The Thomas Fire had no growth Tuesday night — as of Wednesday morning, the fire was still 272,000 acres, and crews increased containment overnight to 60 percent.
“I feel confident,” Chris Childers, a battalion chief with the Santa Barbara County Fire Department, told Noozhawk Tuesday afternoon. “We flew it today. My partner was less confident, and after we flew it, he’s confident now, too.”
What firefighters are calling a “wind event” — ripping downslope from the north at 15 to 30 mph with gusts to 50 mph — is expected to kick off between 6 and 8 p.m. Wednesday, and continue through the night before diminishing by mid-morning Thursday.
“The wind is going to be huge,” Childers said. “Either we still fight fire after it, or we’re done … The whole team is all in agreement that this wind will be our test, and if we pass that test, we’re done.”
In preparing for that challenge, crews have spent the last three days building and expanding containment lines and cooling off hot spots near the edges and within the fire.
In and around structures in the foothills, firefighters have continued their “seek and destroy missions” aimed at locating and dousing embers and hot spots.
“We have the edge pretty well protected,” Childers said. “I’m feeling pretty good.”
As of Tuesday night, the Thomas fire had charred 272,000 acres, and was closing in on the top spot on the state’s list of largest wildfires, currently held by the 2003 Cedar Fire in San Diego County, which burned 273,246 acres.
With burnout and other operations that are planned in coming days, there is little doubt the Thomas Fire, now No. 2 on the list, will become the state’s largest-recorded wildfire.
As they were on Saturday, when early morning winds gusting to 65 mph caused the fire to explode and blacken more than 11,000 acres in about 12 hours, dozens of engines are positioned in threatened neighborhoods above Summerland, Montecito and Santa Barbara, and dozens more are staged at the Santa Barbara Polo Grounds and are ready to respond to any flare-ups, Childers noted.
One area of concern for fire managers is a stand of dense and desicated chaparral, dating to the early 1960s, that was not burned by the 2009 Jesusita Fire.
In that canyon — below East Camino Cielo and northwest of Flores Flat — crews spent the Monday and Tuesday building containment lines and laying down retardant to prevent any flames whipped up by Wednesday’s winds from gaining a toe-hold in the thick vegetation.
“I think we have it out, but that could be the only old fuels that could be exposed to the weather in front,” Childers said.
North of the mountains, firefighters had a good day working in the area in and around Pendola Station, upstream on the Santa Ynez River from Gibraltar Reservoir, according to Childers.

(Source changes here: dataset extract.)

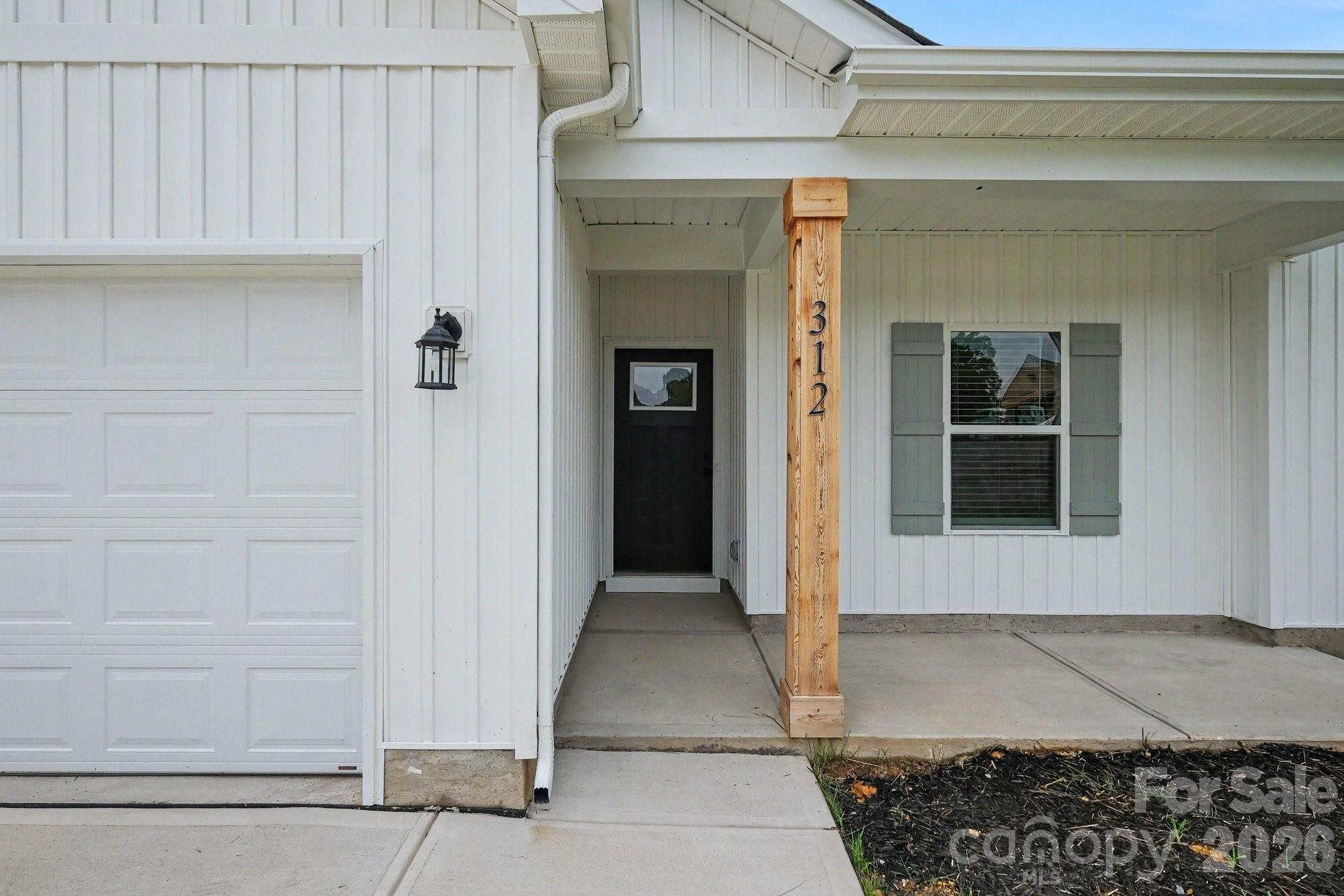 312 E Talleyrand Avenue Property Photo 2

The last remaining hot spot was in an area where flames had moved north up Agua Caliente Creek, but he indicated crews had the situation there in hand.
Progress also was made on the fire’s northern flank, along Highway 33 near Rose Valley and above the city of Fillmore, near the Sespe Wilderness.

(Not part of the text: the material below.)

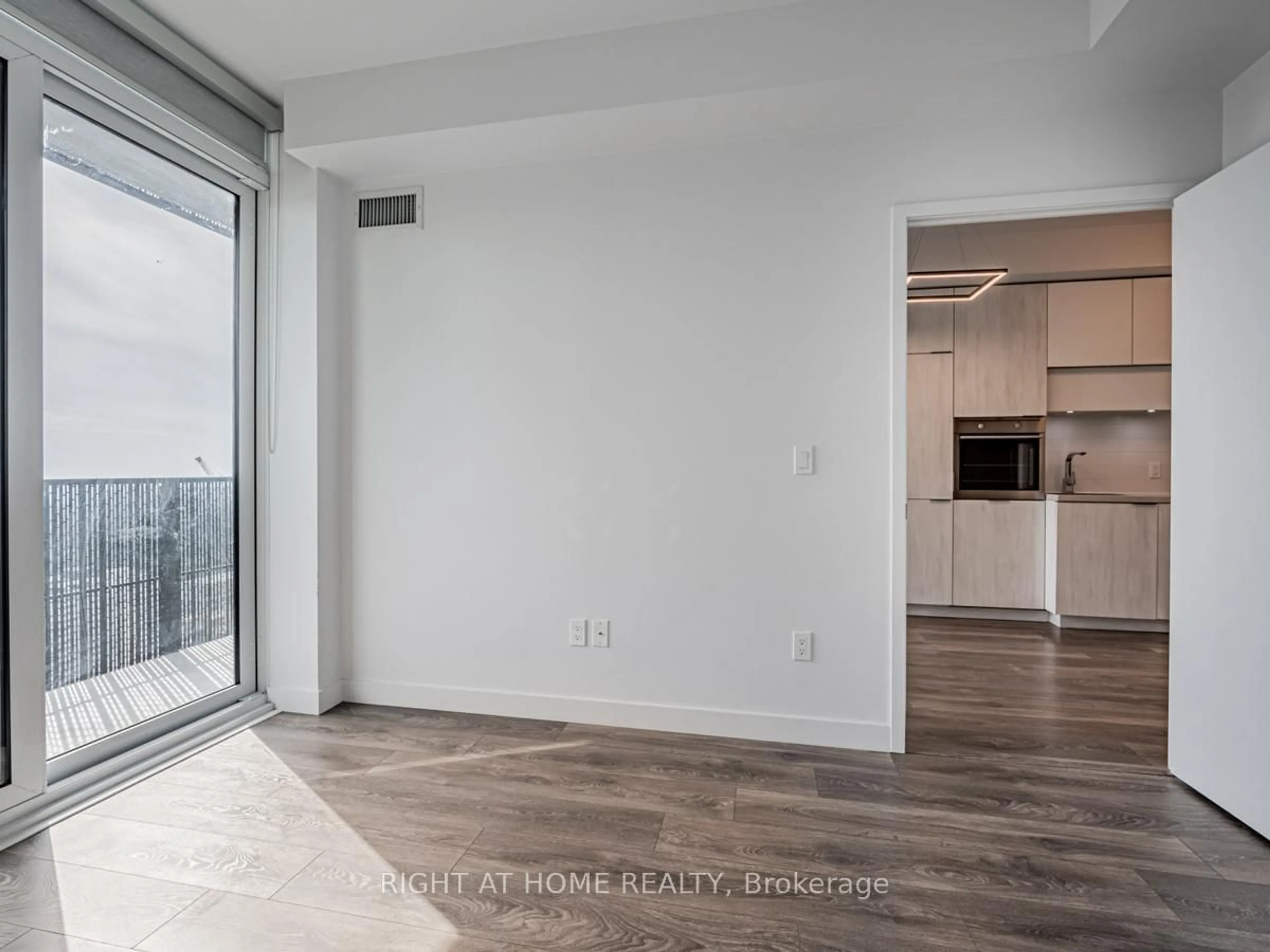 A pic of a room for 8 Eglinton Ave #3809, Toronto Ontario M4P 0C1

With conditions improving Monday and Tuesday, fire officials reduced or eliminated several evacuation orders and warnings from Carpinteria to the city of Santa Barbara, but it seemed unlikely there will be more evacuation changes prior to Wednesday’s wind event.

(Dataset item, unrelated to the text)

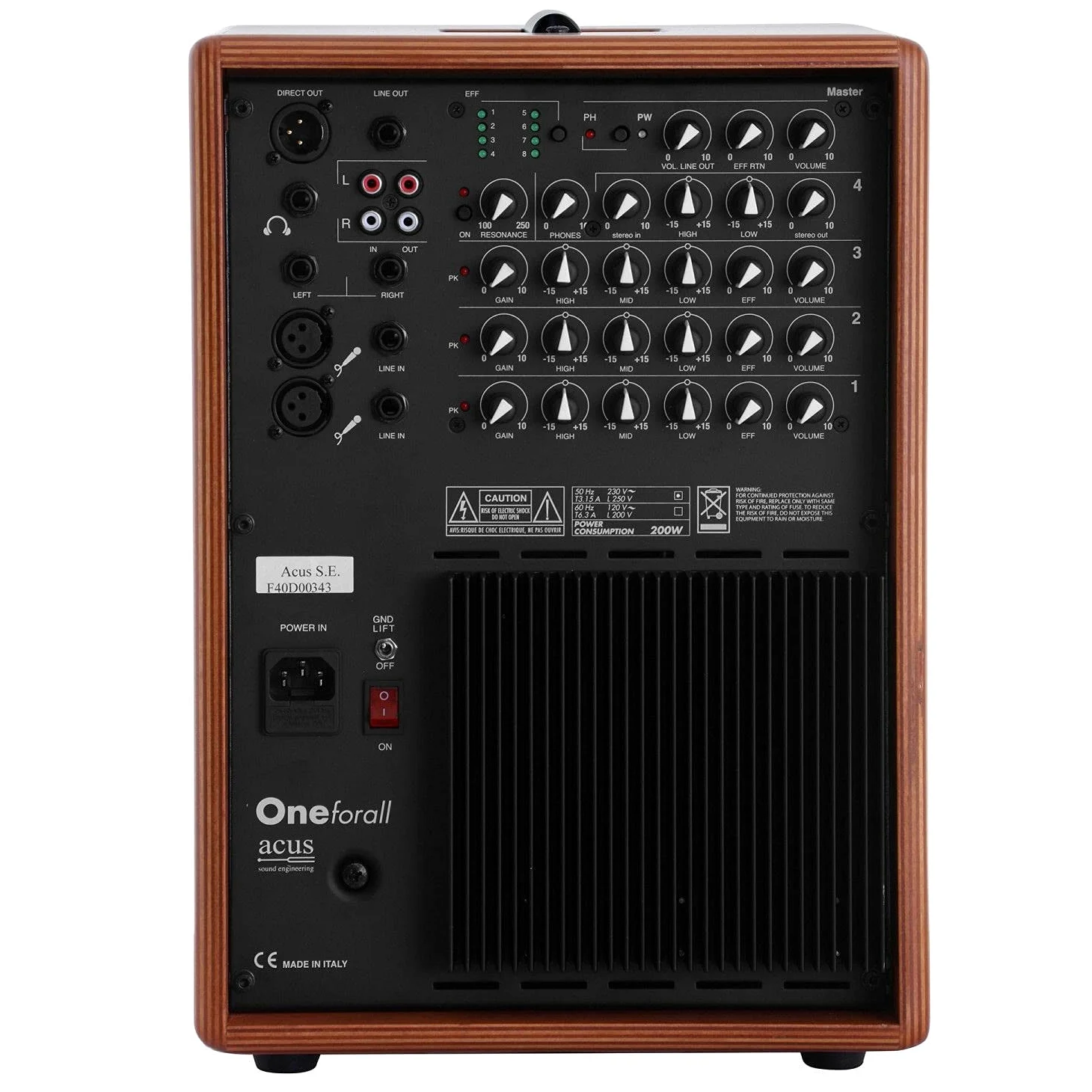 OneForAll amplificador compacto 200W y 3 entradas.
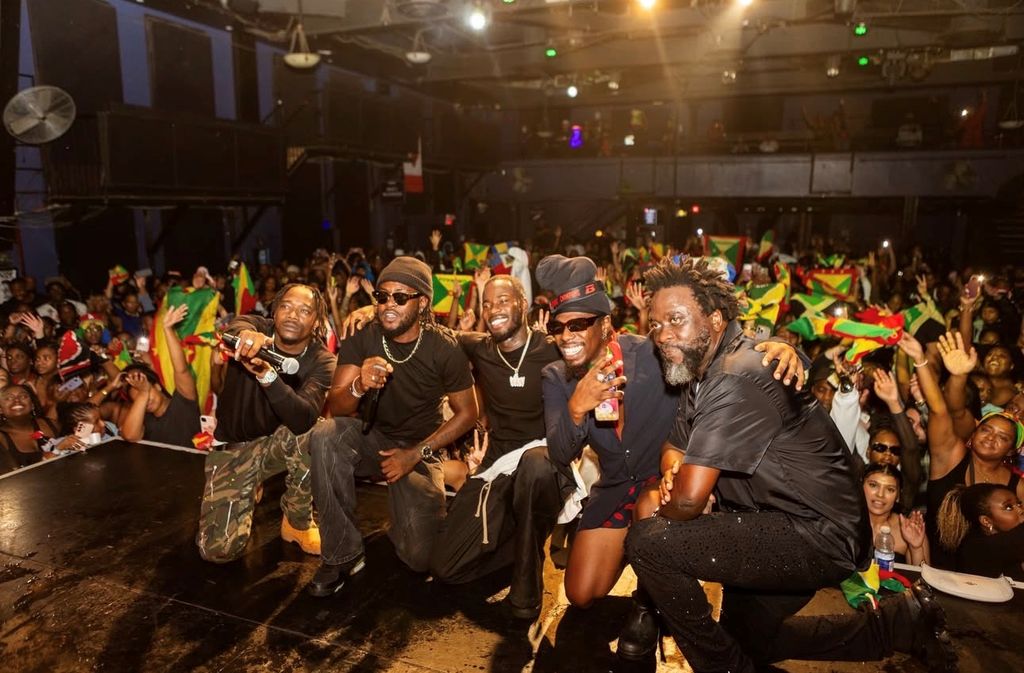 Grenadian jab anthems spice up T&T Carnival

Nothing is certain with a wildfire of this magnitude, but several fire officials told Noozhawk they expect most or all evacuation orders to be reduced, if not eliminated, on Thursday, assuming firefighters come through the wind event without a serious blow-up.
Fire officials lifted several evacuation orders and warnings this week, but 16,000 people are still under mandatory evacuation orders, with another 12,000 in voluntary evacuation areas, accordng to Santa Barbara County Sheriff Bill Brown.
Santa Barbara County has a Thomas Fire help line people can call at 805-681-5542 with questions about evacuations, transportation assistance for evacuating, or to talk to a counselor.